■ **Given material**:
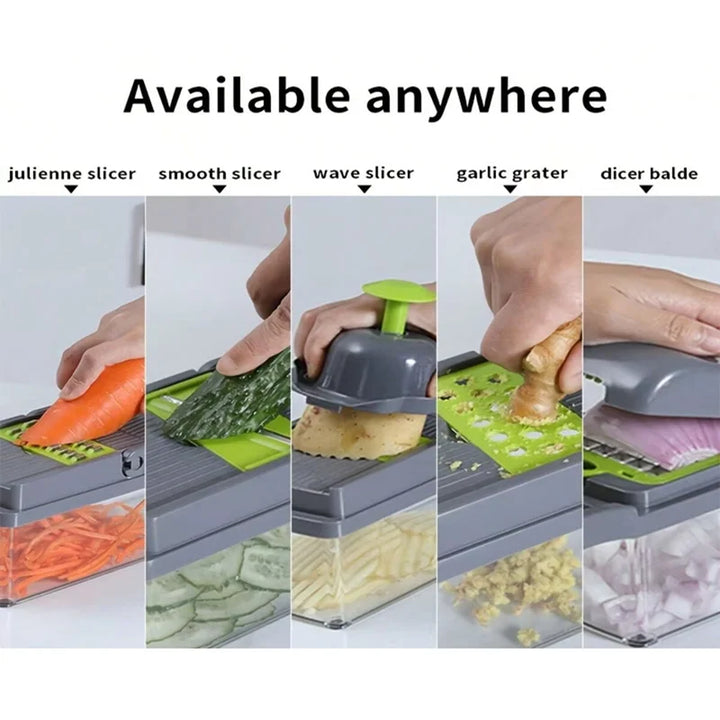 Smart RapidSlice Chopper Kit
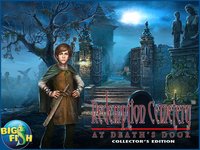 Redemption Cemetery: At Death's Door Hidden Object screenshot, image №899580 - RAWG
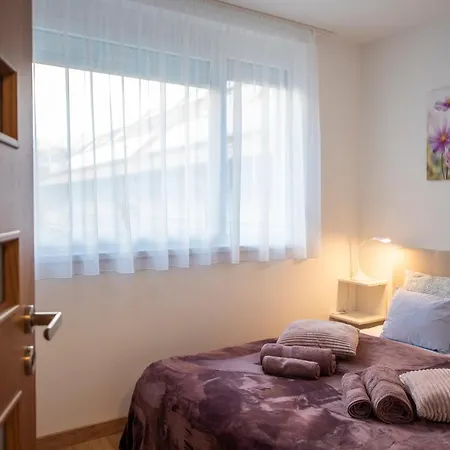 Cute Apartman- Free Parking *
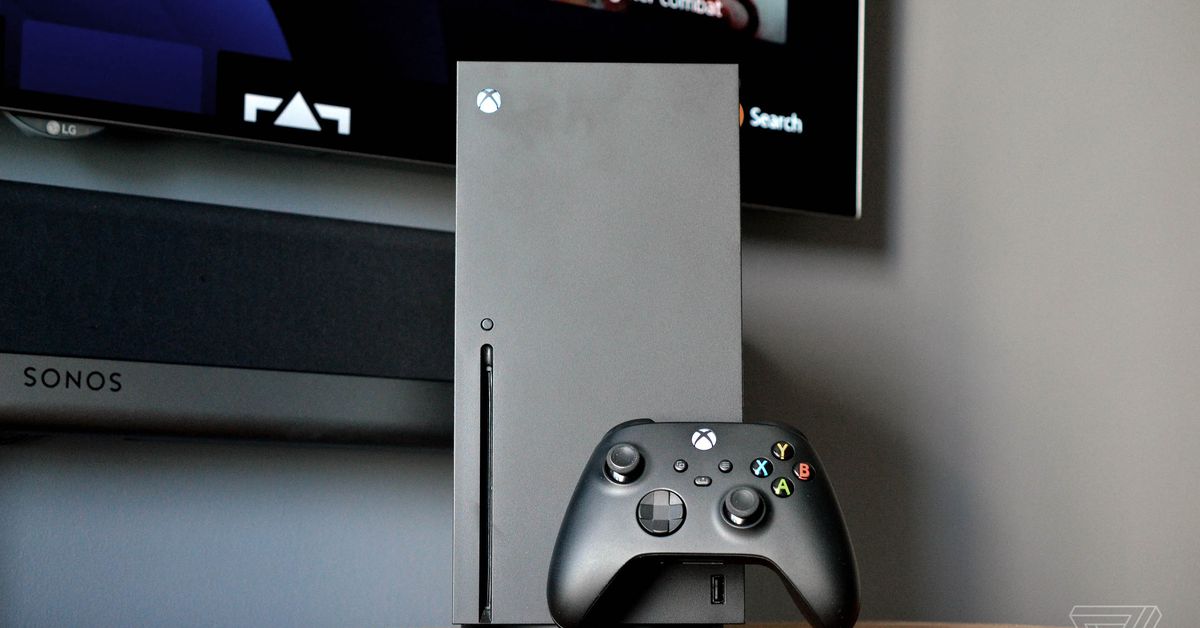 Xbox Series X gets a new 4K dashboard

■ **Work instructions**:
Starting where a line contains "Redemption Cemetery: At" and finishing at the last line above, set down every line exactly as it reads, with no pictures.

■ **Exercise solution**:
 Redemption Cemetery: At Death's Door Hidden Object screenshot, image №899580 - RAWG
 Cute Apartman- Free Parking *
 Xbox Series X gets a new 4K dashboard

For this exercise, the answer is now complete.